Macavei I, Galatâr N
Department of Haematology, Oncological Institute, Cluj-Napoca, Romania.
Morphol Embryol (Bucur). 1990 Jan-Mar;36(1):25-32.
Bone marrow biopsies have been investigated in 330 cases of Hodgkin's disease totalising 298 patients, out of which 32 with repeated biopsies. Positive biopsies with typical lesions were found in 32% of patients, the majority in stages III and IV (88.6%), rarely in stage I or II (11.4%). Nonspecific lesions were very frequent (75%), either isolated or accompanied by typical lesions. The majority of the positive biopsies were found in patients with lymphocytic predominance and lymphocytic depletion, or in polytreated patients in an advanced stage of the disease. The specific marrow involvement consisted in lymphocytic infiltrations either nodular or diffuse, Reed-Sternberg (R-St) or Hodgkin cells. The lymphocytic depletion is often accompanied by diffuse fibrosis, atypical histiocytes, fibroblasts and R-St cells. Hodgkin typical granulomas are rare. The positive biopsies were associated with nonspecific reactions including hyperplasia of granulopoiesis, megakaryocytes, territories with hyperplasia or aplasia, fibrosis, disruption of sinus walls, oedema, plasmocytosis, necrosis, myelomonoblastic cells, lymphocyte nodes, etc. The bone marrow histology has a prognostic significance.

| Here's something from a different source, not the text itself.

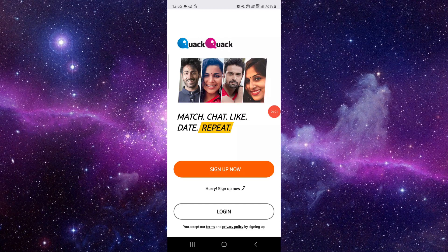Hello and welcome back to my channel. In today's video I will show you how to fix the QQ app loading problem. So let's get started — to fix it you have to follow these easy steps.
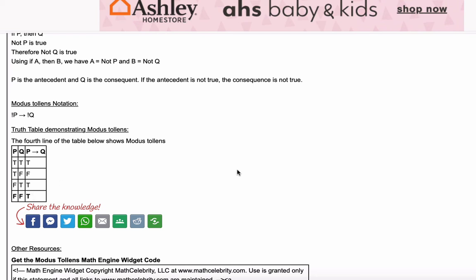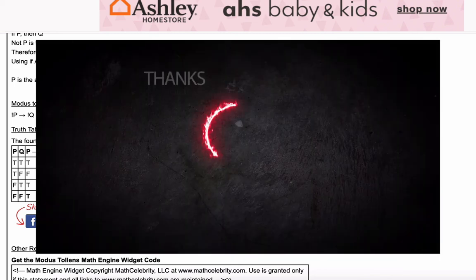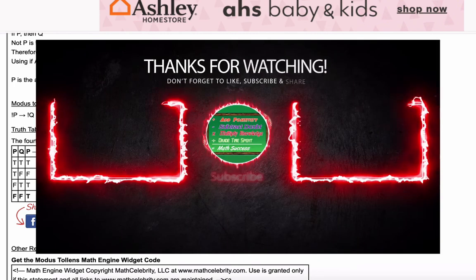That pretty much covers Modus Tollens. If you have not seen the Modus Ponens video, please go back and watch that. Thank you for watching, and I will see you in the next video.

对298例霍奇金病患者的330份骨髓活检样本进行了研究,其中32例进行了重复活检。32%的患者活检结果呈阳性且有典型病变,大部分处于III期和IV期(88.6%),I期或II期患者少见(11.4%)。非特异性病变非常常见(75%),可为孤立性或伴有典型病变。大部分阳性活检结果见于淋巴细胞为主型和淋巴细胞消减型患者,或疾病晚期接受过多种治疗的患者。骨髓特异性受累表现为结节状或弥漫性淋巴细胞浸润、里德-斯腾伯格(R-S)细胞或霍奇金细胞。淋巴细胞消减常伴有弥漫性纤维化、非典型组织细胞、成纤维细胞和R-S细胞。霍奇金典型肉芽肿少见。阳性活检结果常伴有非特异性反应,包括粒细胞生成、巨核细胞增生、增生或发育不全区域、纤维化、窦壁破坏、水肿、浆细胞增多、坏死、骨髓单核母细胞、淋巴细胞结节等。骨髓组织学具有预后意义。